Я, впрочем, тоже был счастлив, потому что мне подарили игрушечный зверинец, и в нем я полюбил коричневую, слегка мохнатую, сидячую обезьяну, которую я тотчас же отделил от прочих зверей, уложил в вату и вначале ласкал пальцем. Я знал, что я потом привыкну к ней – потому что она все-таки моя – и разлюблю, и это меня огорчало, – так мне было приятно любить ее. Я очень любил мать. Я так ее любил, что даже не видел ее лица, не знал, хороша ли она или дурна, и каждое ее свойство, каждая ее черта, казалось мне, были равно необходимы для моей любви. Но она тоже меня любила, целовала меня, говорила со мной, могла пустить или не пустить гулять, подарить или не подарить игрушку, и я чувствовал, что люблю ее иногда за то, что она пускала гулять и дарила игрушку, чувствовал тоже, что это любовь «навечная» и была у меня еще тогда, когда я ни о чем не думал, пожалуй, еще раньше меня самого была – и потому любить мать казалось мне особенно обыкновенно и нисколько не приятно.

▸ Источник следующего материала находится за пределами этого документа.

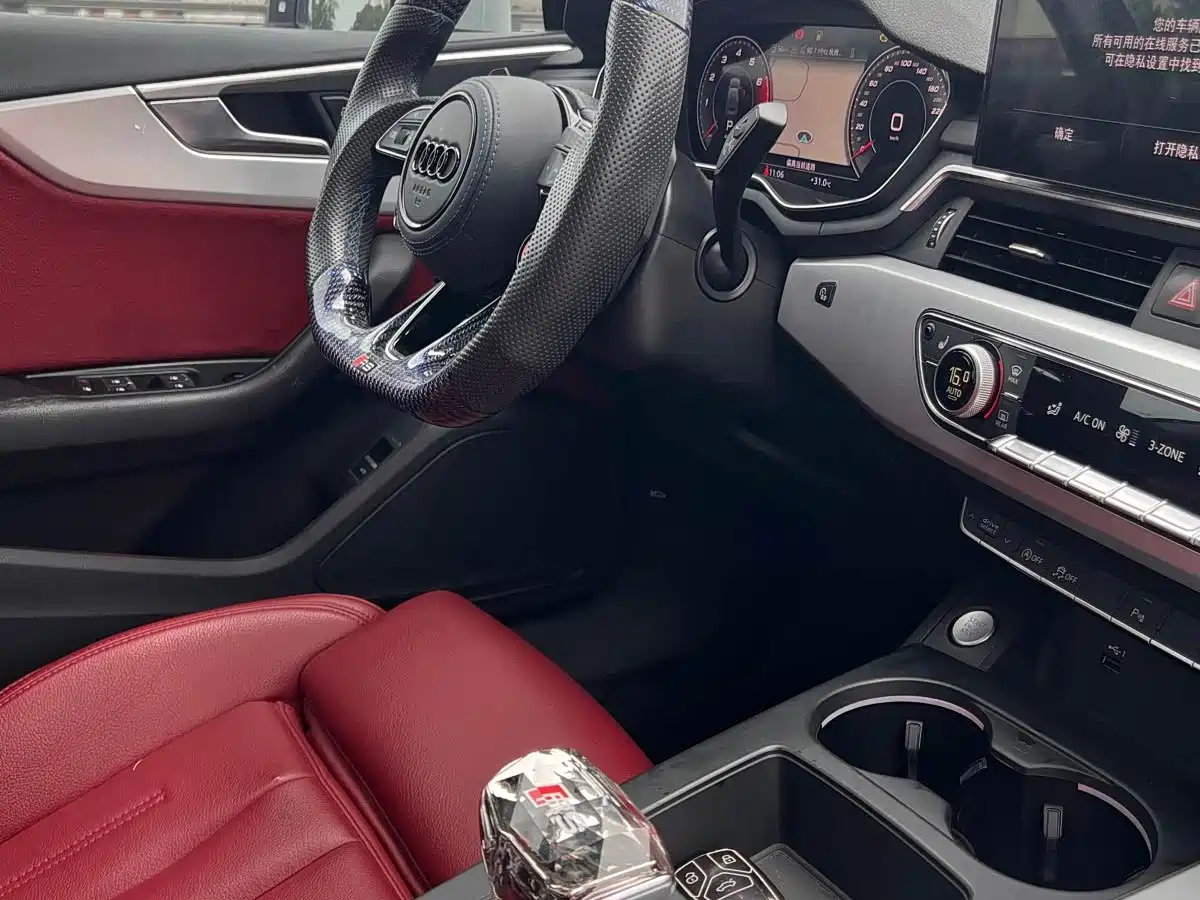 Фото 8 - Audi A5 (Import)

Этой же, неприятной, любовью, хотя гораздо меньшей и с оттенком товарищества, я любил мою няню Полю. Полю я всегда помнил около себя. Она была кругленькая, молоденькая, низенького роста, с широким утиным носом, розовая, несмотря на веснушки, миловидная и веселая. Темные волосы вились легкими кольцами около ушей. Вот, я любил и Полю. Но Поля тоже была мне нужна, она играла со мной и надевала мне чулки, а обезьяна была, во-первых, новая, сразу взявшаяся, а, во-вторых, немая, не могущая явить мне ни благодарности, ни расположения, и я любил ее сам для себя, и в этом было что-то таинственное. Я не играл в обезьяну, днем я только сидел над нею, сладко томясь и не зная, что с нею делать, а вечером засыпал с радостным сознанием, что она у меня есть и что больше мне от нее ничего не нужно. Потом я стал отдаляться от обезьяны, находя, что я слишком часто смотрю на нее, а это тоже уж не то. Я по целым дням не открывал коробочки с ватой, где она лежала, и наслаждался только мыслью о ней. И никогда так сильно и приятно ее не любил, как в то время. Мне было больно разлюблять, забывать любовь к обезьяне. Но в это время отец принес мне номер «Нивы». Там была картинка: озеро с нависшими ивами, лодка, и в лодке девушка в белом платье странного фасона. Мне понравилось и озеро, и девушка. Я унес картинку к себе.